Looking back on this thread, I realize that the Skeptic post in insufficient to discredit the idea about negatives:
http://www.skeptic.com/eskeptic/07-12-05/#feature

Check this part out.

You can easily construct a valid deductive argument with all true premises that yields the conclusion that there are no unicorns. Here’s one, using the valid inference procedure of modus tollens (Latin for “mode that affirms by denying”):

  1. If unicorns had existed, then there is evidence in the fossil record.
  2. There is no evidence of unicorns in the fossil record.
  3. Therefore, unicorns never existed.

Someone might object that that was a bit too fast — after all, I didn’t prove that the two premises were true. I just asserted that they were true. Well, that’s right. However, it would be a grievous mistake to insist that someone prove all the premises of any argument they might give. Here’s why. The only way to prove, say, that there is no evidence of unicorns in the fossil record, is by giving an argument to that conclusion.

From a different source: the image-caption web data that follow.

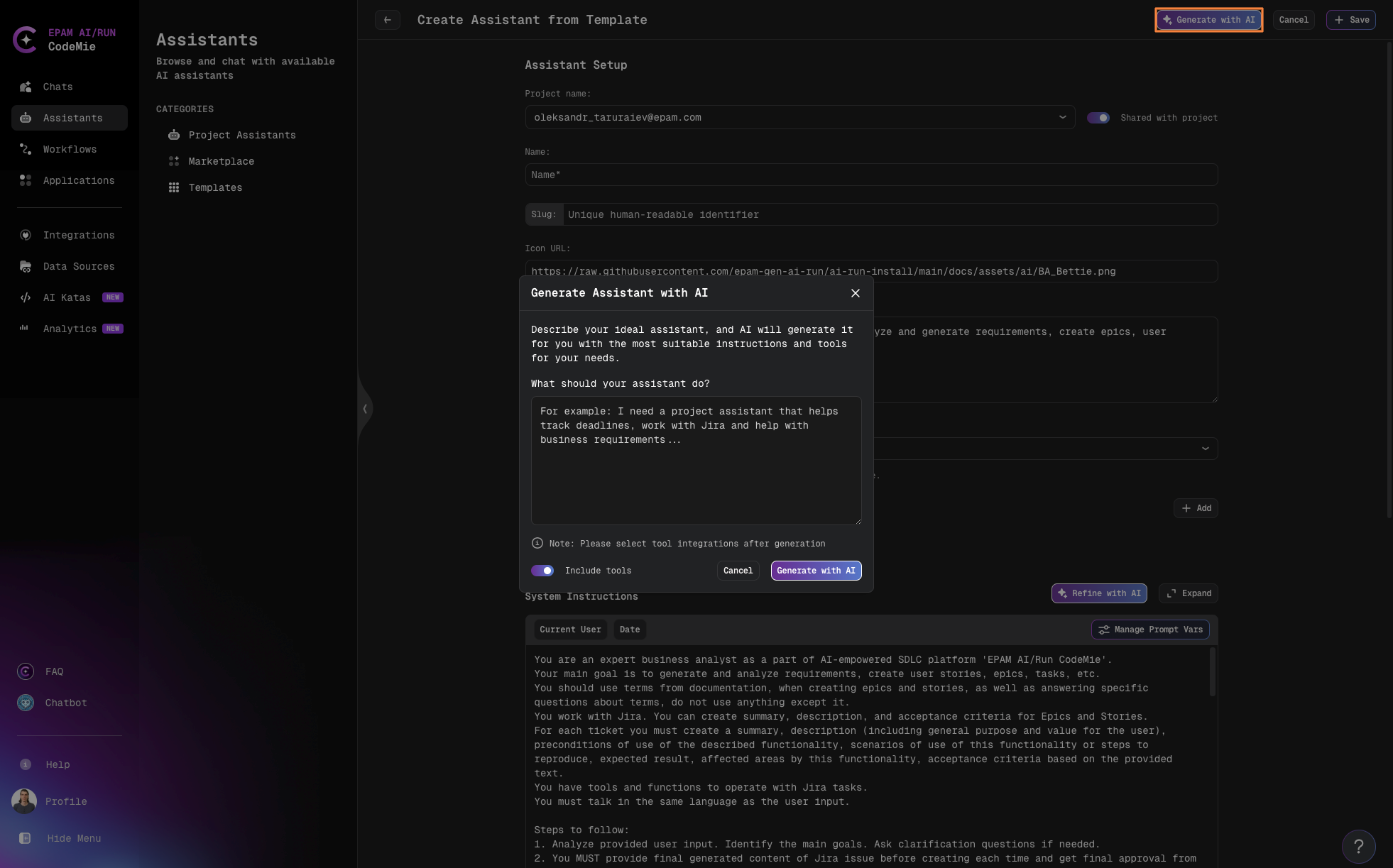 Generate Assistant with AI dialog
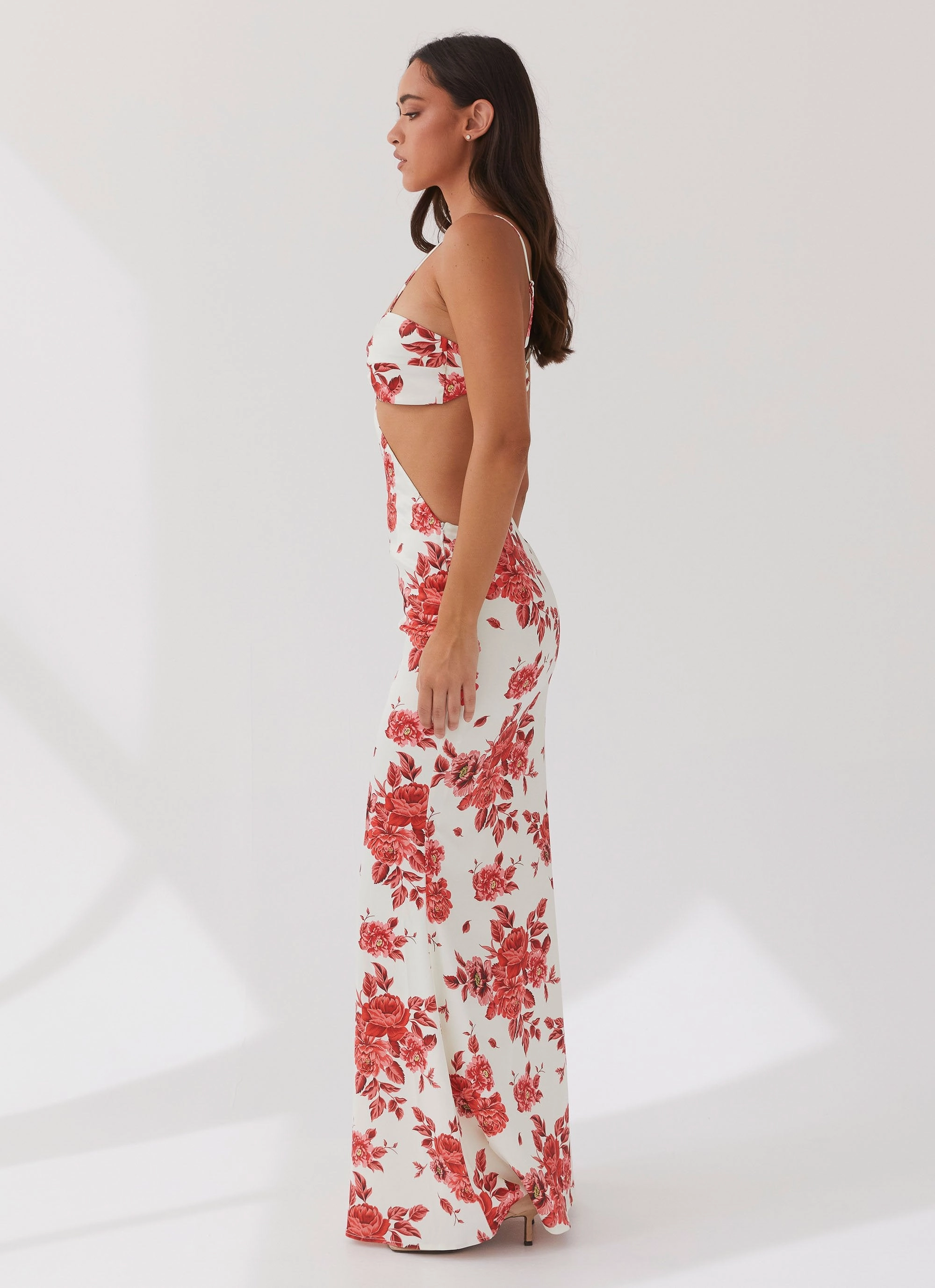 Rosie Satin Maxi Dress - Rosa Floria Quiet Sweet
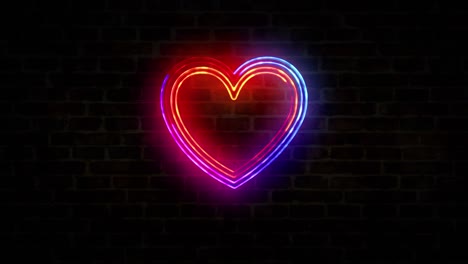 heart and love symbol neon on brick wall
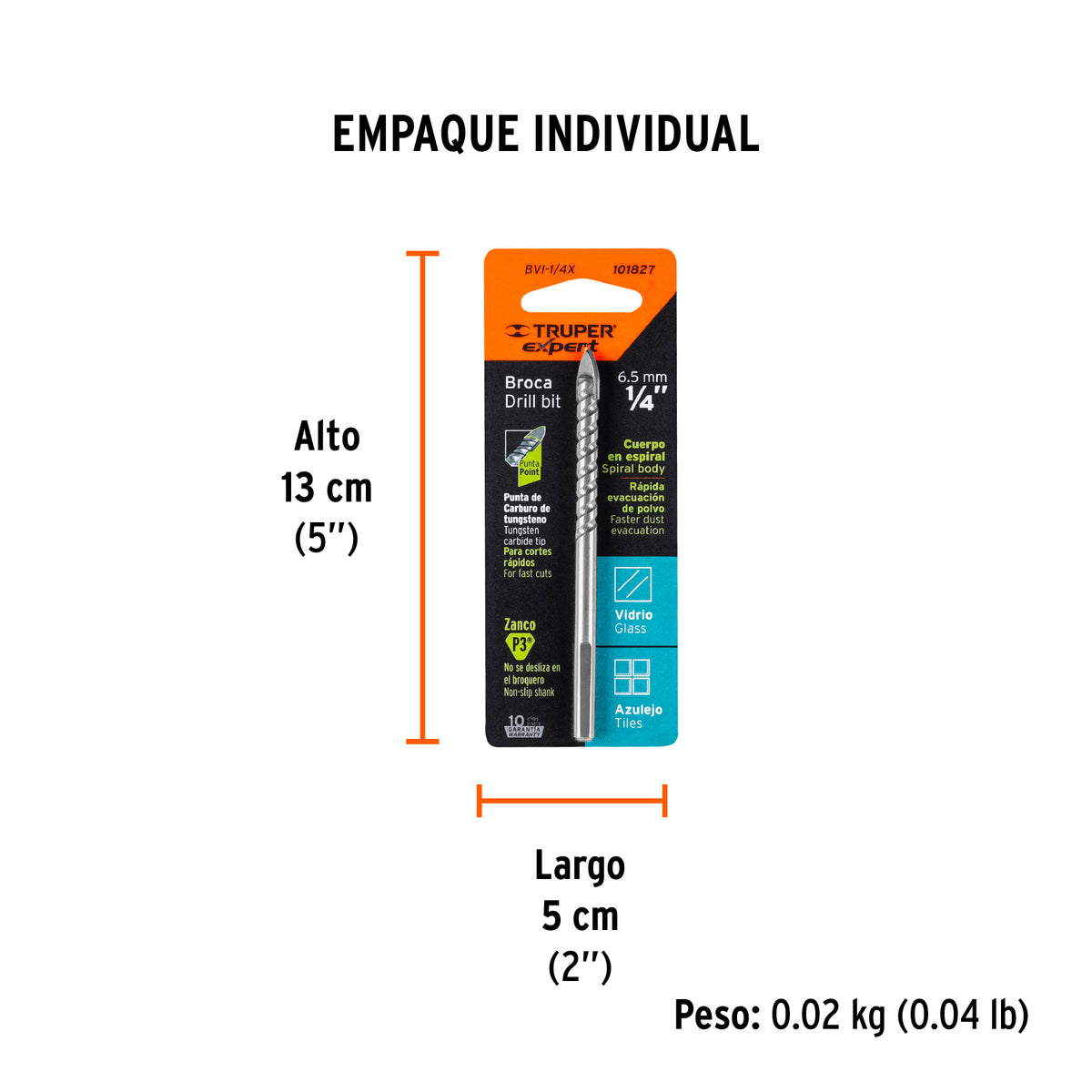 Broca para vidrio y azulejo Truper Expert 1/4"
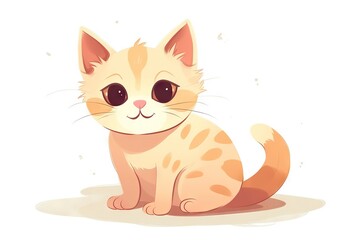 Illustration of a cute little cat on white background
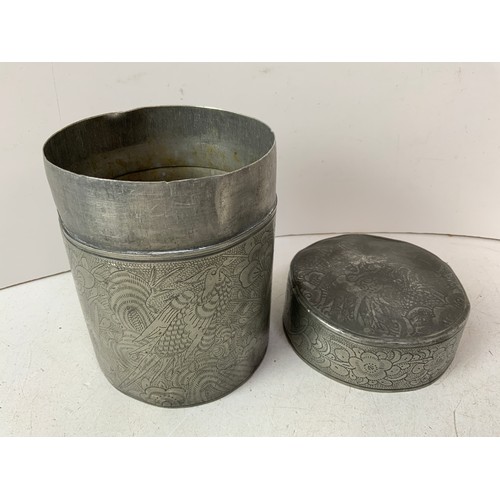 784 - Kut Hing Swatow Pewter Tea Caddy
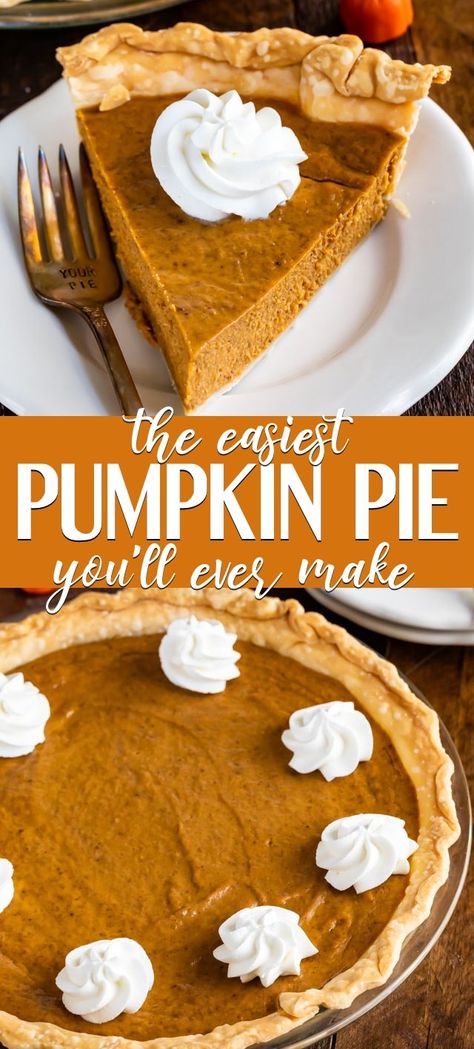 Simple Pumpkin Pie Recipe, Simple Pumpkin Pie, Pumpkin Pie Recipe Easy, Best Pumpkin Pie, Easy Pumpkin Pie, Pumpkin Pie Recipe, Overnight Oat, Easy Pie Recipes, Easy Pie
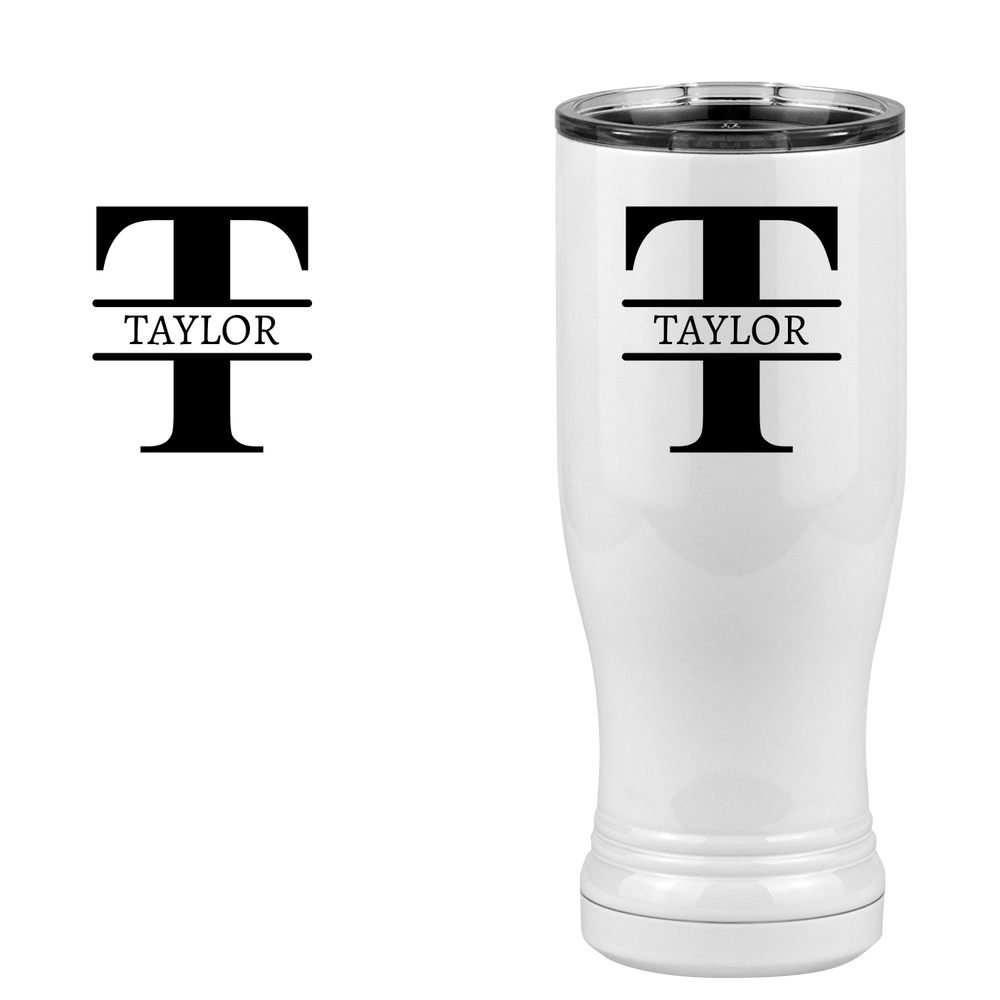 Personalized Name & Initial Pilsner Tumbler (14 oz) - Design View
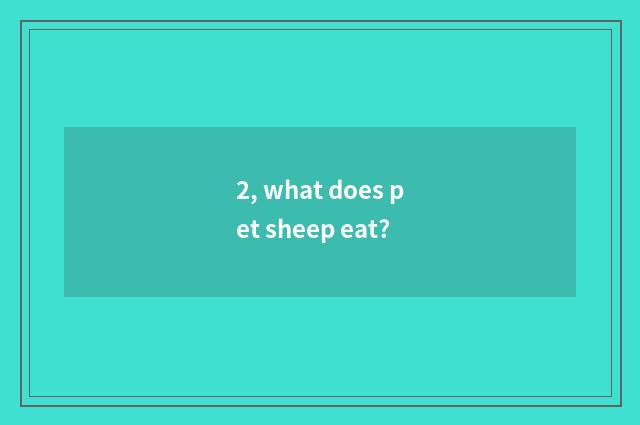 2, what does pet sheep eat?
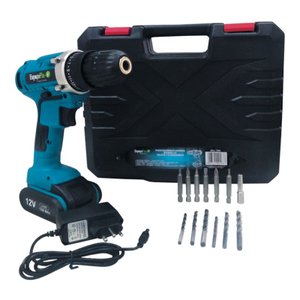 Parafusadeira Furadeira Bateria Espaçofix Maleta com 13 Peças 12v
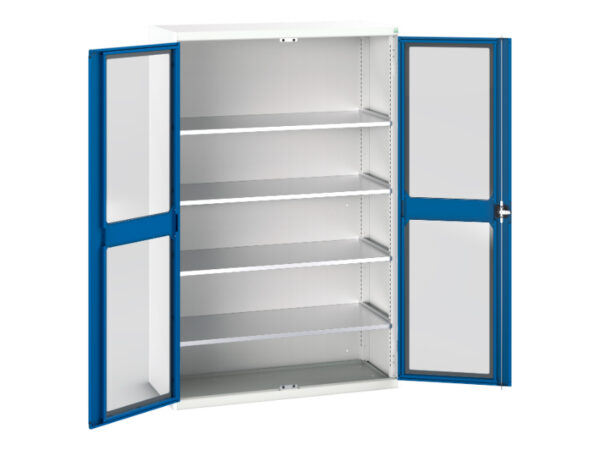 Industrial Metal Storage Cabinet - Verso Window Door Cupboard Storage with 4 Shelves. WxDxH: 1300X550X2000mm Ral 7035/5010 _SKU-16926663.11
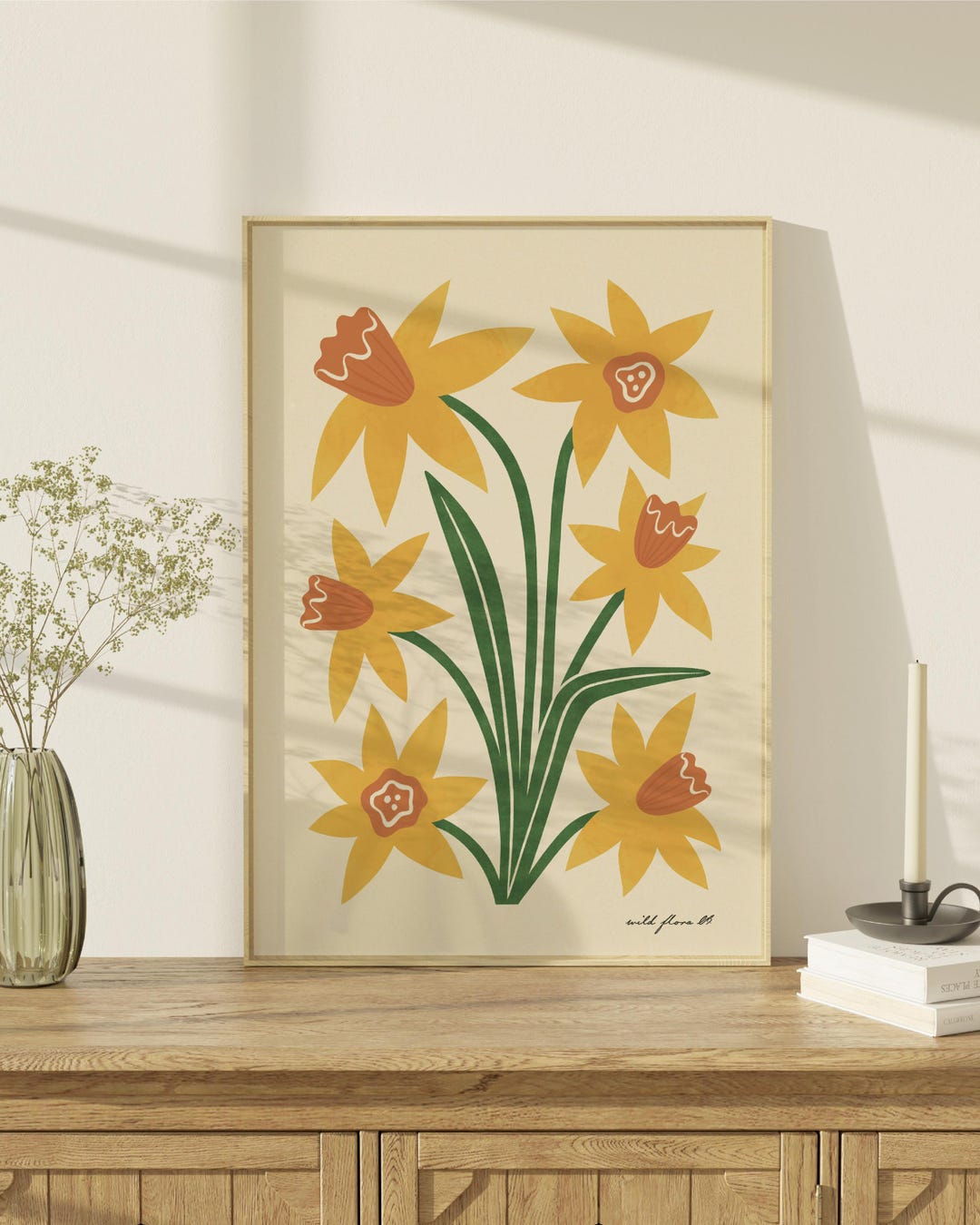 DAFFODIL Modern-retro Art Print | British Wildflower Print | Yellow ...
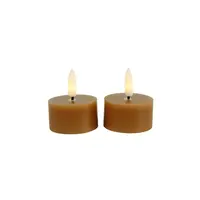 Velas de té Lyon con LED - Ámbar - Ø4 x 5,2 cm - Pack de 2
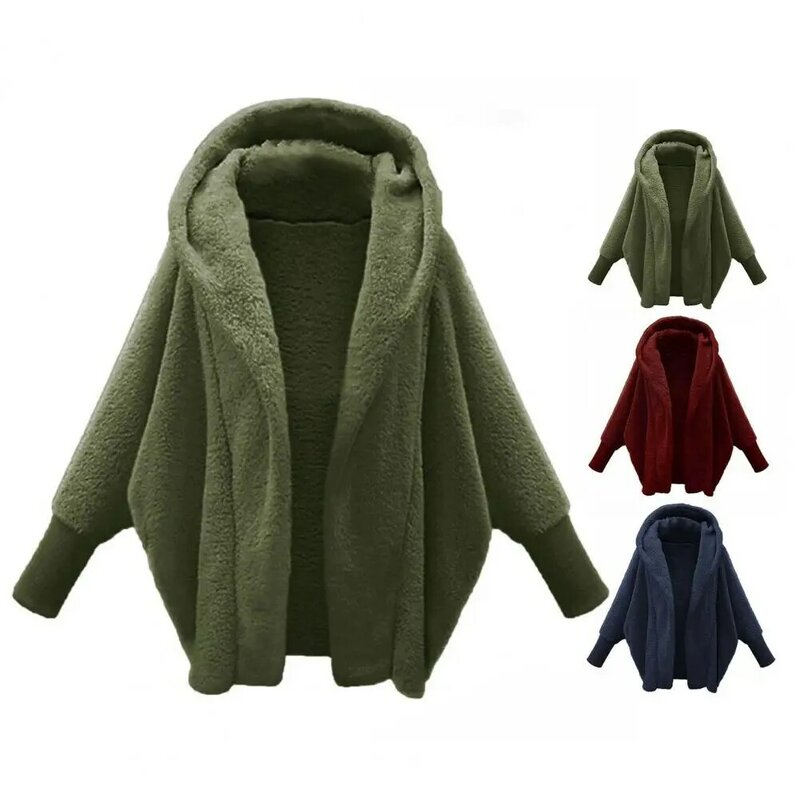 女性のフード付きぬいぐるみコート,長袖のアウターウェア,単色のフリースジャケット,厚手のオープンフロントカーディガン,秋冬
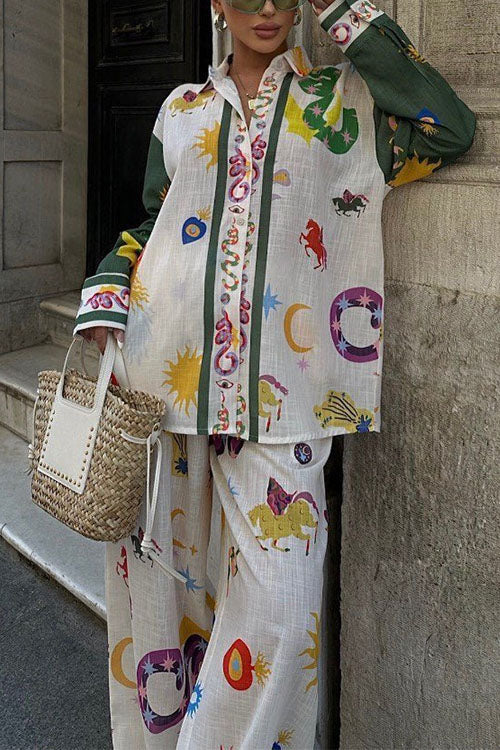 Dam Blus Set med Tryck och Lösa Byxor i Bomull och Polyester-6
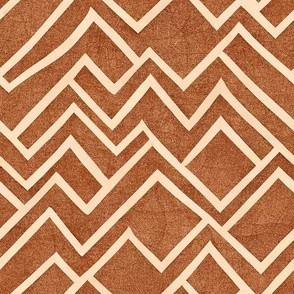 Mud Cloth Inspired Angular Pattern Cream, Brown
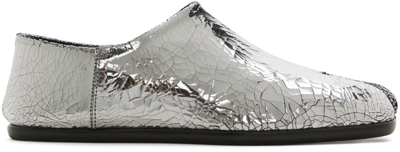 Shop Maison Margiela Silver Tabi Mirror Loafers In T9002 Silver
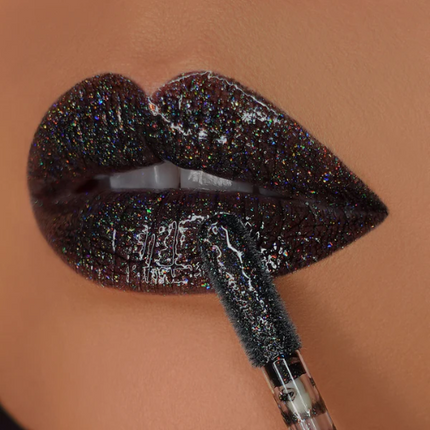 Queen Cosmetics Holographic Lip Gloss Black Widow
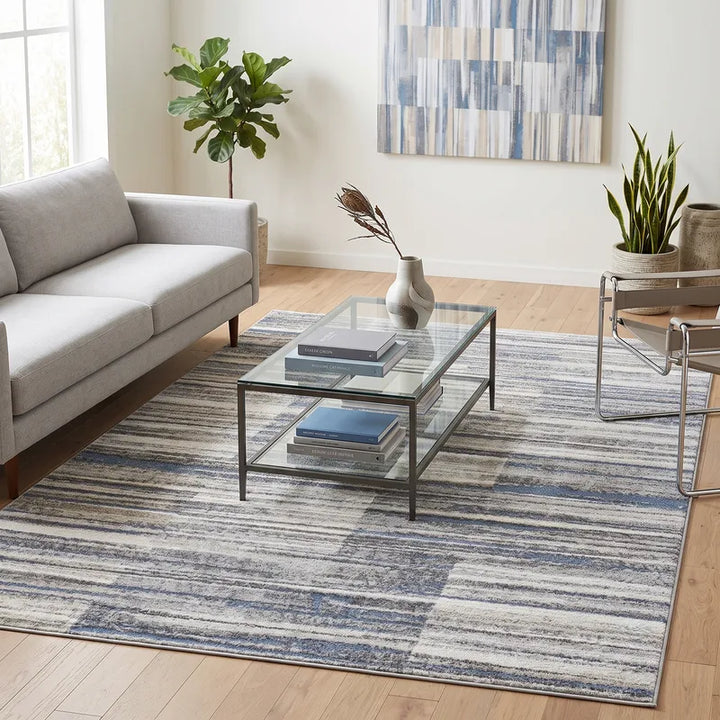 Blue Grey Modern Ombre Geometric Abstract Rug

Of course one would then have to prove the premises of that argument by giving further arguments, and then prove the premises of those further arguments, ad infinitum.

What an evasion! So should I not object to his argument by appointing a problem with one of the premises, because it could go on forever? Oh my. Can you imagine if I told a prosecutor he should not require me to support the premises of my argument, because it could go on forever? This Skeptic guy has not disproved the existence of unicorns in his analogy. He has ignored the practical reality that we have not searched every portion of the Earth’s crust where a fossil could exist. There is technically a possibility that a unicorn existed and didn’t get fossilized. The unicorn could be from another part of the universe. These points I make about the unicorn are the same type of points people use to justify that we don’t know if God exists. I can’t believe this guy is a philosophy professor. Then again, there are Christian scientists and plenty of evangelicals that made their way into teaching academic philosophy. I guess I’m not too surprised.